(Scraped caption text data)
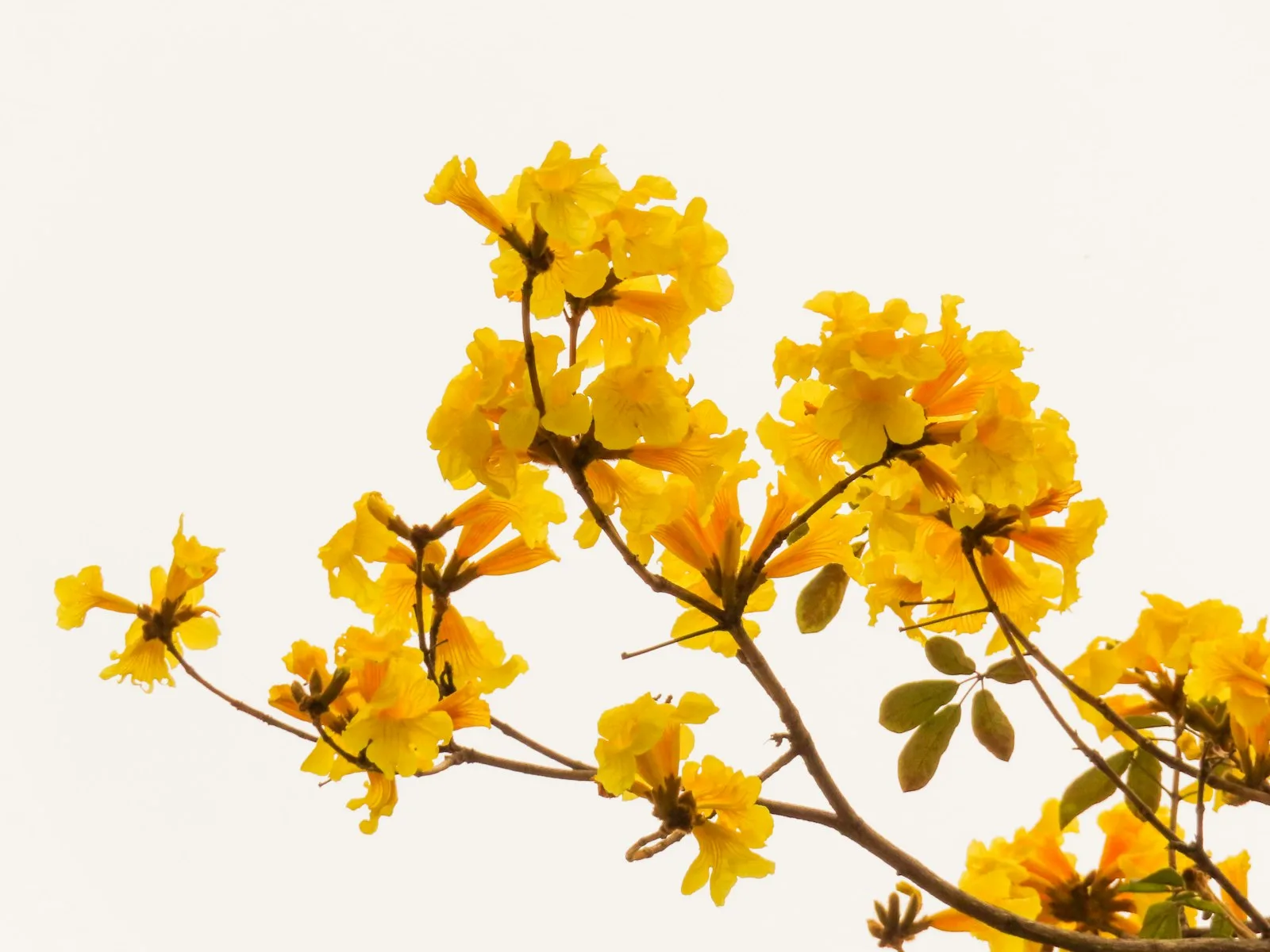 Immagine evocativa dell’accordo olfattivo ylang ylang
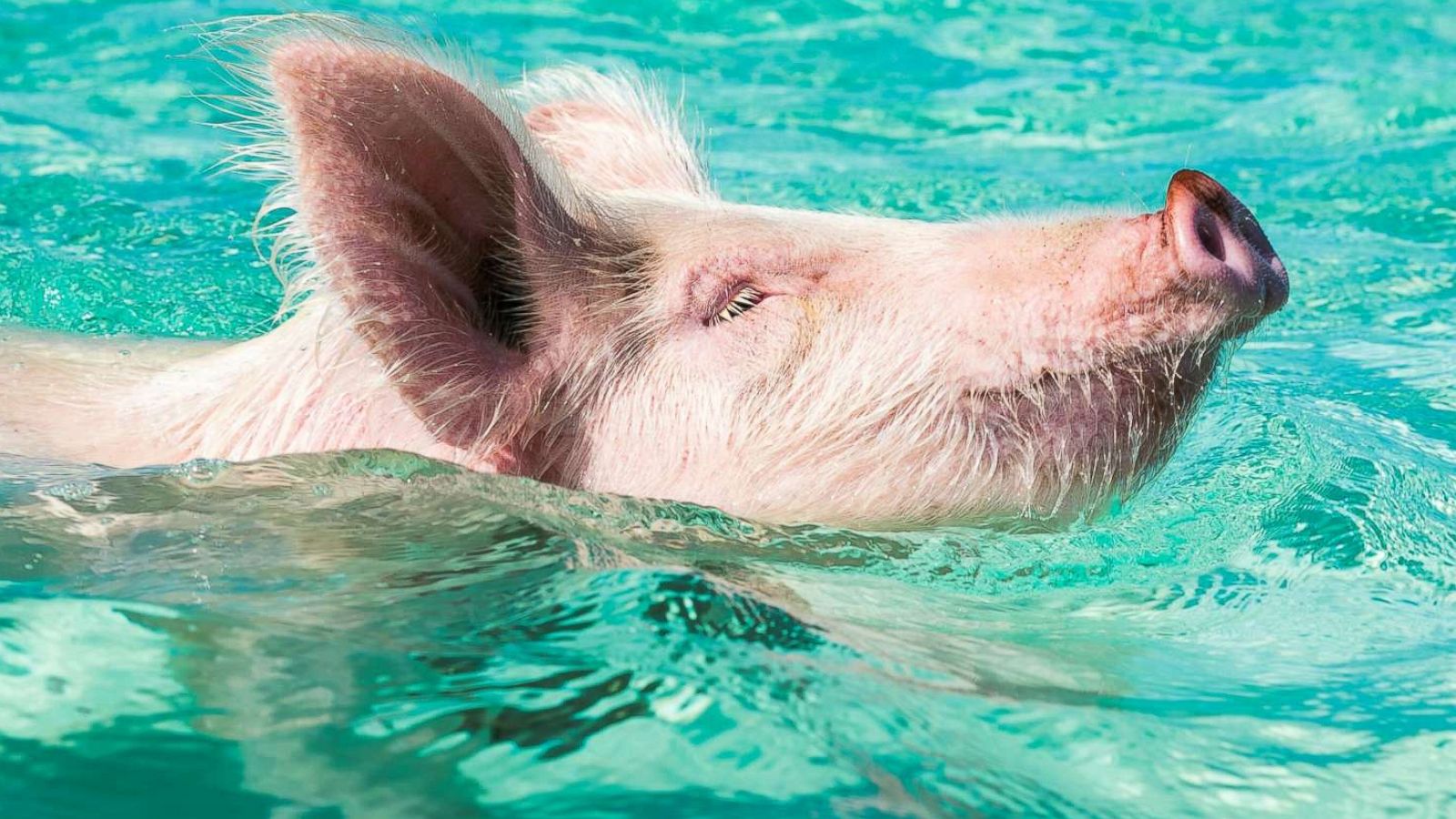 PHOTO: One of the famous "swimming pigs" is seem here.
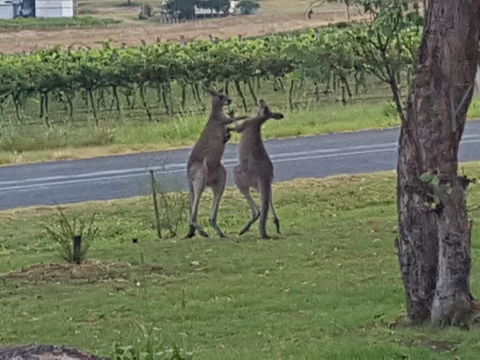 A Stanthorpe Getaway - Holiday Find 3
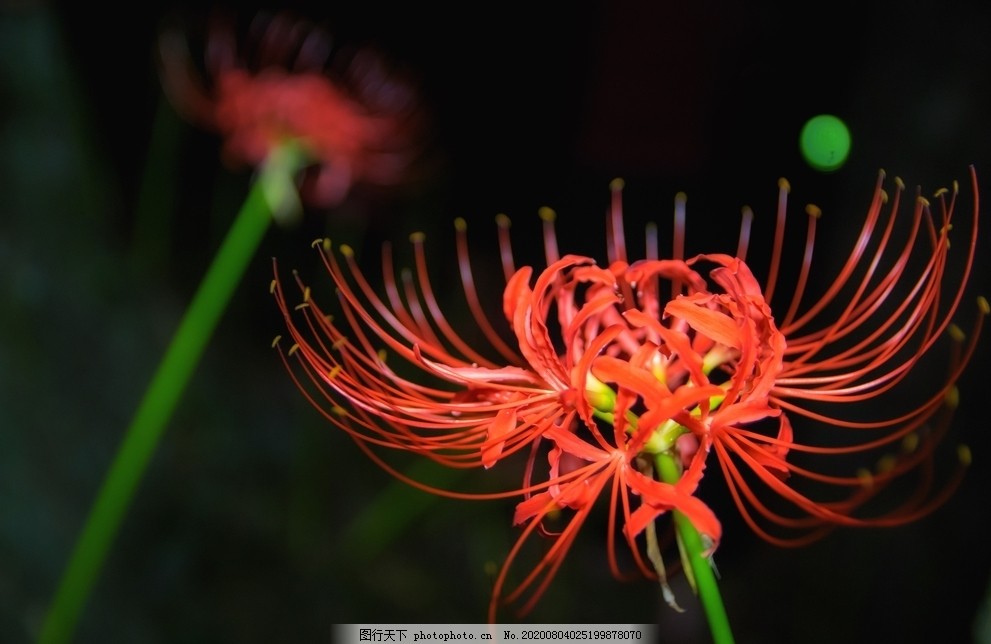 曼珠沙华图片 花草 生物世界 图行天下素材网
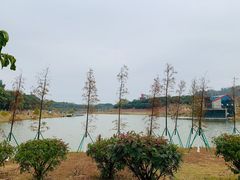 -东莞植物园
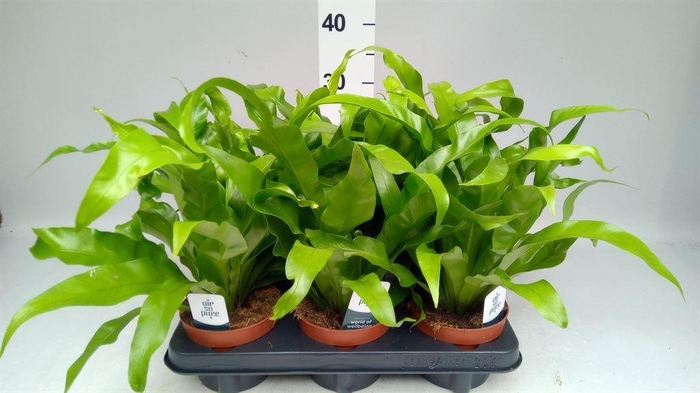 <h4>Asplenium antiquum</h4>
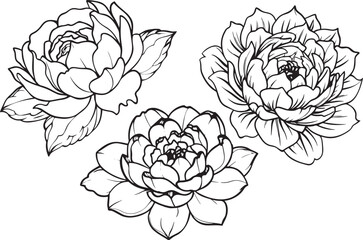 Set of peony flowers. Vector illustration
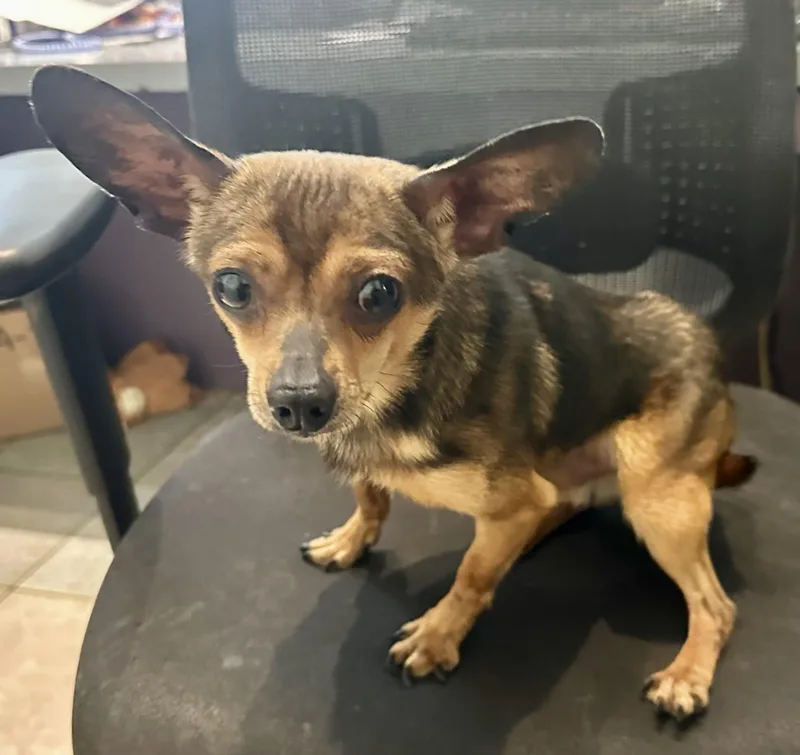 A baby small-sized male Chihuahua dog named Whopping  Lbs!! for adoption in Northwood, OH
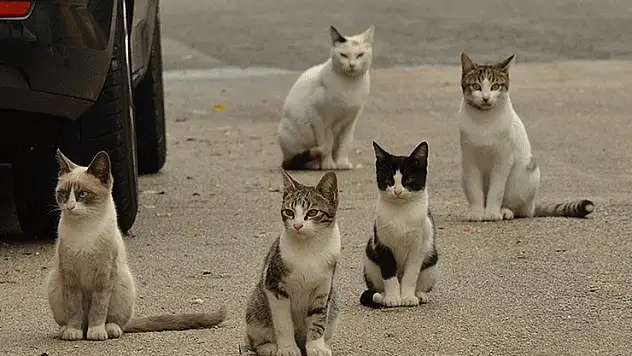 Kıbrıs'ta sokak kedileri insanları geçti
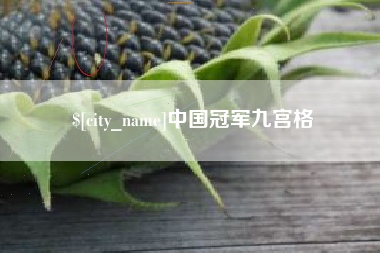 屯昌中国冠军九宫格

EXERCISE GOAL = Write out exactly the lines from the one containing "<h4>Asplenium antiquum</h4>" through the last line of the records above, both ends included, and leave out any pictures.

RESPONSE TO THE EXERCISE =
 <h4>Asplenium antiquum</h4>
 Set of peony flowers. Vector illustration
 A baby small-sized male Chihuahua dog named Whopping  Lbs!! for adoption in Northwood, OH
 Kıbrıs'ta sokak kedileri insanları geçti
 屯昌中国冠军九宫格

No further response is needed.